Start of PROVIDED DATA
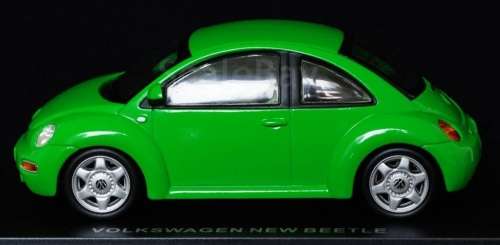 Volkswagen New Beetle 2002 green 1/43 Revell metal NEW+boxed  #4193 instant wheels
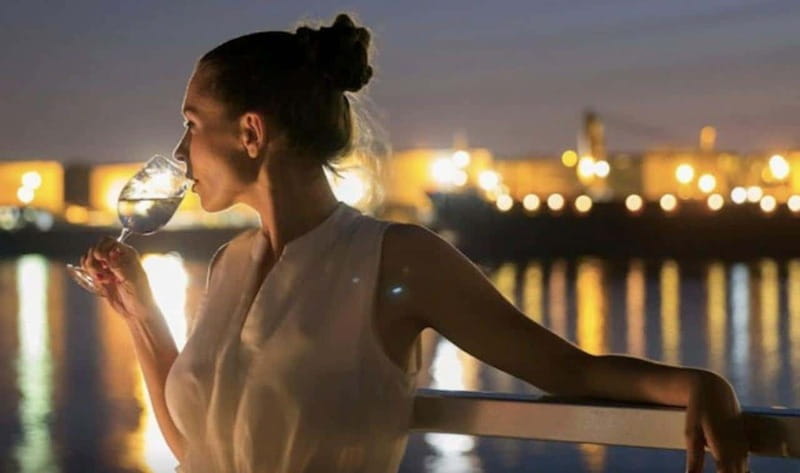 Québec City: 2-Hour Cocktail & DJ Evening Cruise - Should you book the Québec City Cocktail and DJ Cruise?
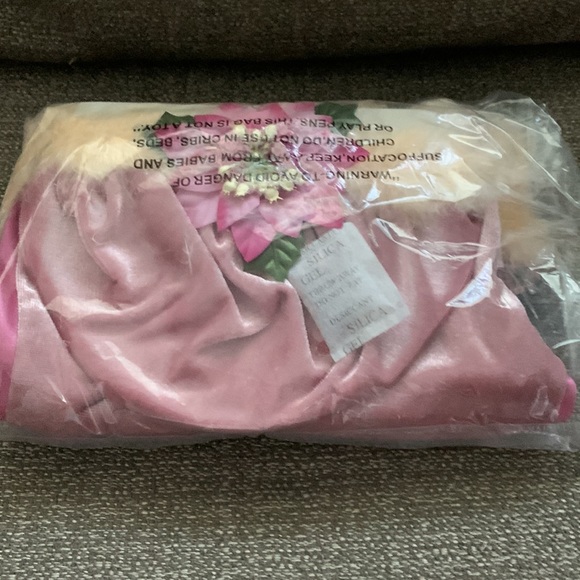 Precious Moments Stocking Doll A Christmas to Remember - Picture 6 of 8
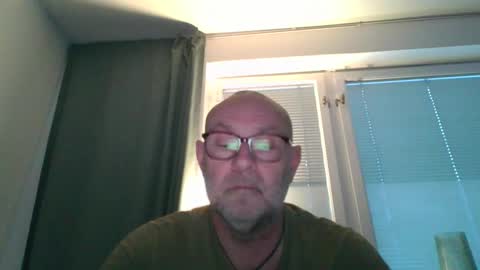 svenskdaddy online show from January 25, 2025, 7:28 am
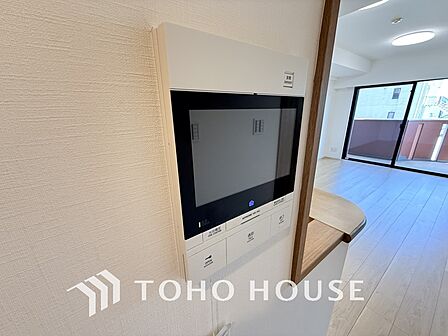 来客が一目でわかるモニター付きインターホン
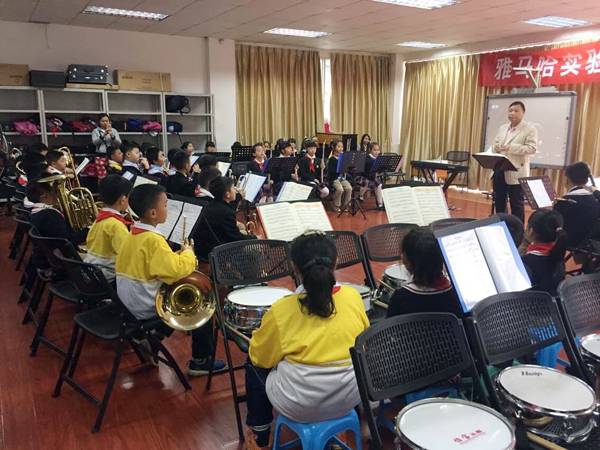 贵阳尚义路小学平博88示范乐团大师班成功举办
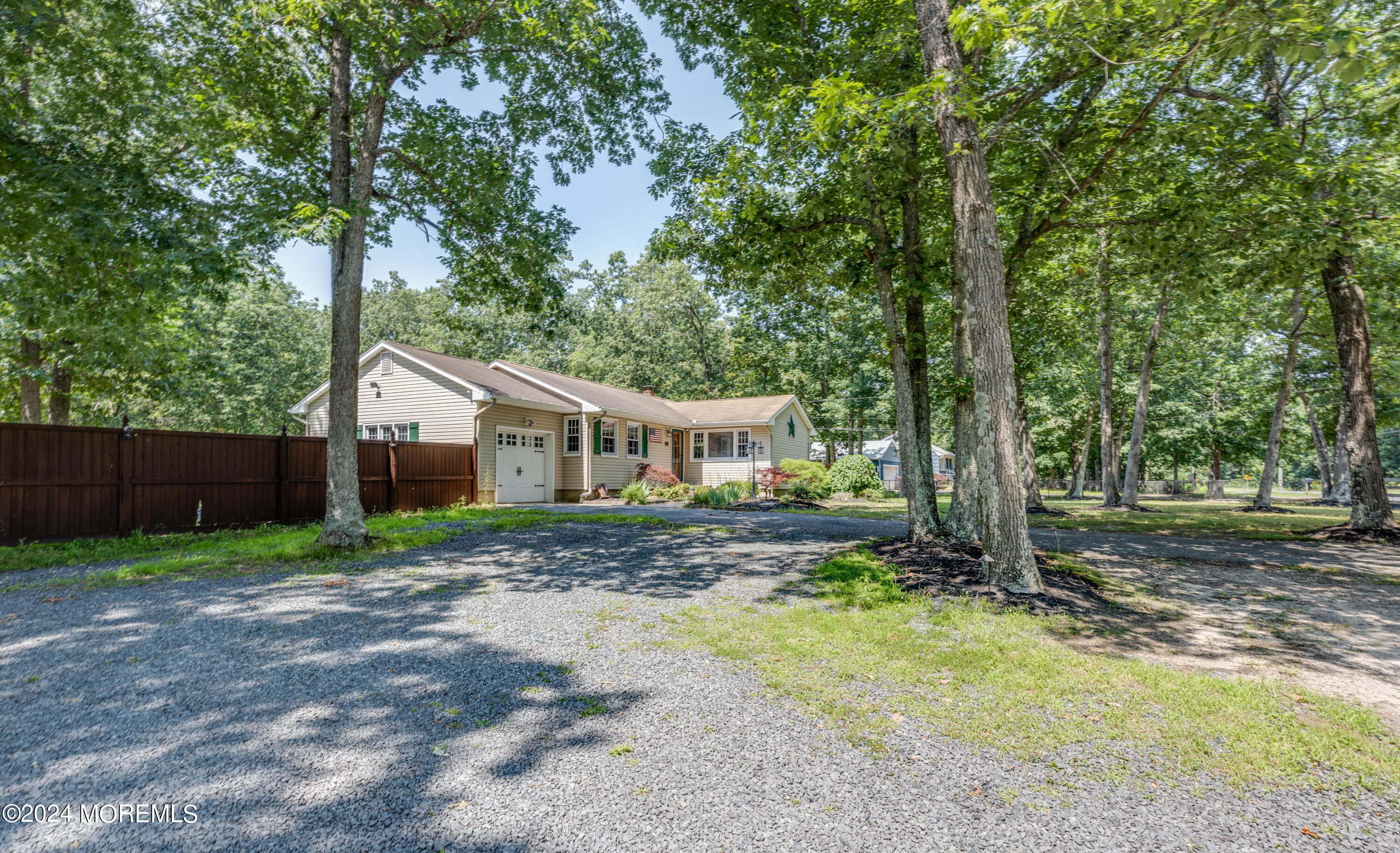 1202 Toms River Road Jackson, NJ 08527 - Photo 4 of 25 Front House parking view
End of PROVIDED DATA
Start of PROVIDED DATA
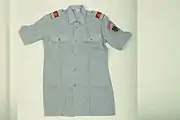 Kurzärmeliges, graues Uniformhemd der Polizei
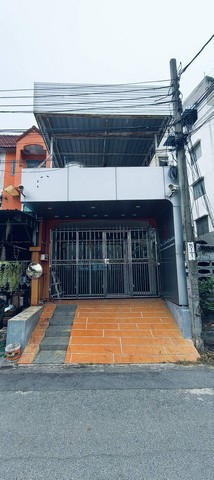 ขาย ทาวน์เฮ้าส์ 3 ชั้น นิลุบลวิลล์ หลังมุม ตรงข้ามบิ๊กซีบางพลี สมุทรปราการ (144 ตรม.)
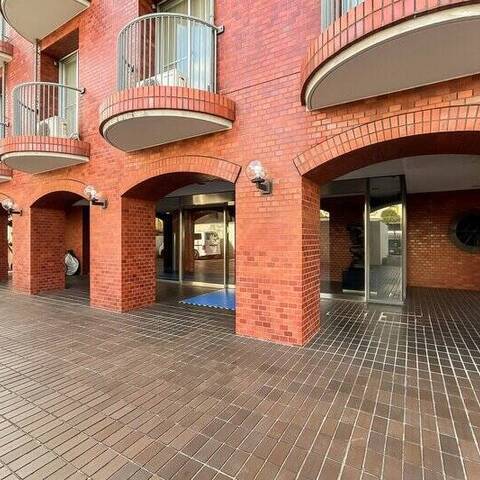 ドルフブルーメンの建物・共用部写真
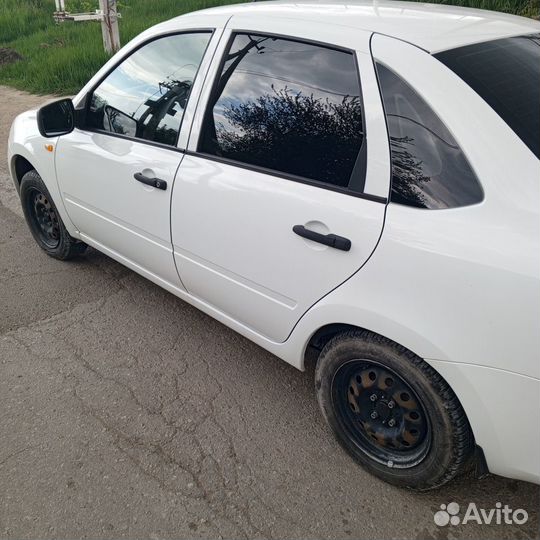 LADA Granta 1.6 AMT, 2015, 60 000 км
End of PROVIDED DATA
§ BRIEF:
Print, exactly and with no pictures, the lines of the listing above starting at the one that has "贵阳尚义路小学平博88示范乐团大师班成功举办" and ending at the one that has "1202 Toms River", both included.

§ FINISHED EXERCISE:
 贵阳尚义路小学平博88示范乐团大师班成功举办
 1202 Toms River Road Jackson, NJ 08527 - Photo 4 of 25 Front House parking view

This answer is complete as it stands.